Contextualização - Também foi admitido que as irregularidades verificadas na licitação ocorrida no Acre se inserem numa série de grandes outras irregularidades praticadas pela administração superior do INCRA nos anos de 1991 e 1992, apuradas pelo próprio INCRA e TCU, com desdobramentos funcionais, penais e cíveis para os implicados. Nas investigações levadas a efeito pelo próprio INCRA através de procedimento administrativo, ficou constatado que os editais de licitação eram elaborados de modo a facilitar ou até estimular o superfaturamento, adotando um preço-base por si já excessivo, além de regras que dificultavam a participação de pequenas empresas. A licitação por preço-base é a modalidade de licitação pela qual a Administração fixa um valor dito básico, devendo as propostas serem oferecidas atentando para aquele valor e uma pequena variação, para mais ou menos.

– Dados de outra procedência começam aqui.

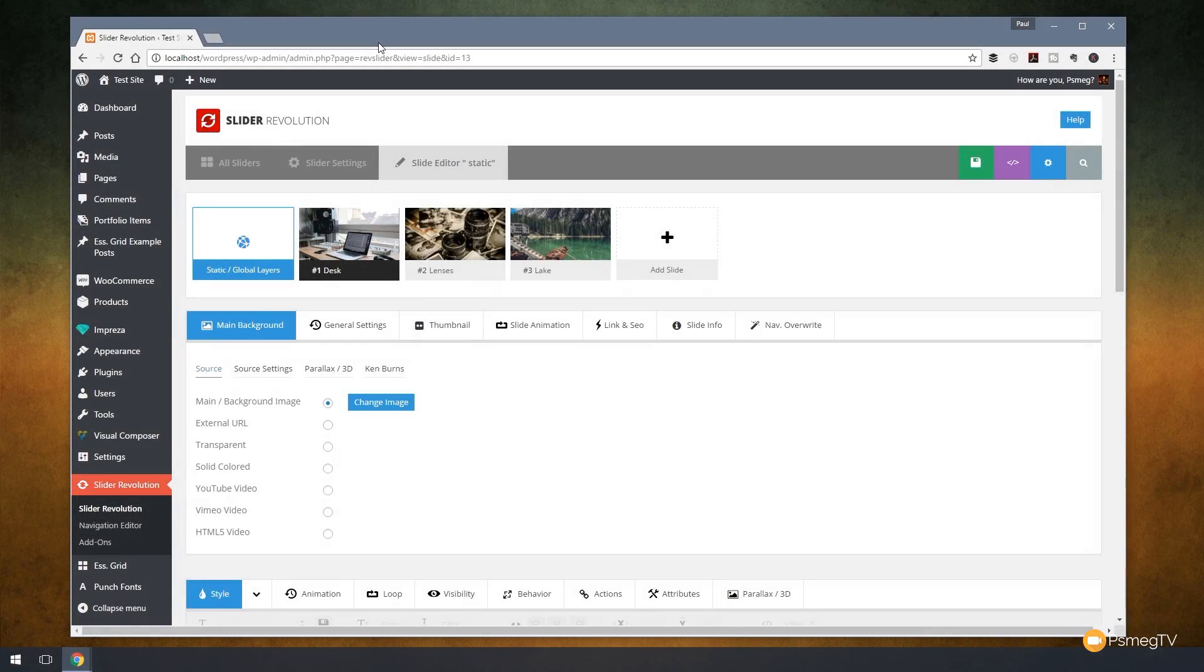Hi and welcome to another episode of Peacemag TV. In this week's WordPress video we're going to be taking a look at static or global layers in Slider Revolution 5.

Além disso, com o objetivo de inserir as obras no plano plurianual, os prazos foram majorados exageradamente, chegando ao cúmulo de ser fixado o prazo de 18 (dezoito) meses para escavação de três poços no Estado do Mato Grosso do Sul. No caso da MARMUD, o prazo fixado também foi de dezoito meses, mas a obra foi executada em dois meses, demonstrando a simplicidade da obra e o exagero do prazo estipulado pela própria administração.

IMPROBIDADE - O Ministério Público Federal também postulou a condenação dos sócios da MARMUD (Orleir Messias Cameli, Eládio Messias C. e Marmud Cameli) e de servidores do INCRA por atos de improbidade, alegando conluio entre os administradores e aqueles. A sentença, embora aceite que o procedimento insinue fraude, rejeita o pedido neste particular, diante da ausência de provas objetivas que atestem a existência de conluio ou de outro ilícito por parte de uns e outros, malgrado "se reconheça a dificuldade em provar a existência de acordos espúrios para lesar o erário, eis que pactuados sem testemunhas, apenas entre os favorecidos, os quais, irmanados pelo crime comum e interesse de ocultá-lo, não delatam. São atos ilícitos praticados sem substrato material, com toda aparência de legalidade no plano formal, mas que diante da ausência de prova conclusiva, ainda que mínima, impõe-se sua rejeição, em prestígio das garantias constitucionais que asseguram decisões fundamentadas do Judiciário e o direito, dos acusados em geral, de terem explicitadas as provas existentes contra si que autorizam um decreto sancionatório, expressões do princípio da segurança jurídica, inibidor do arbítrio estatal".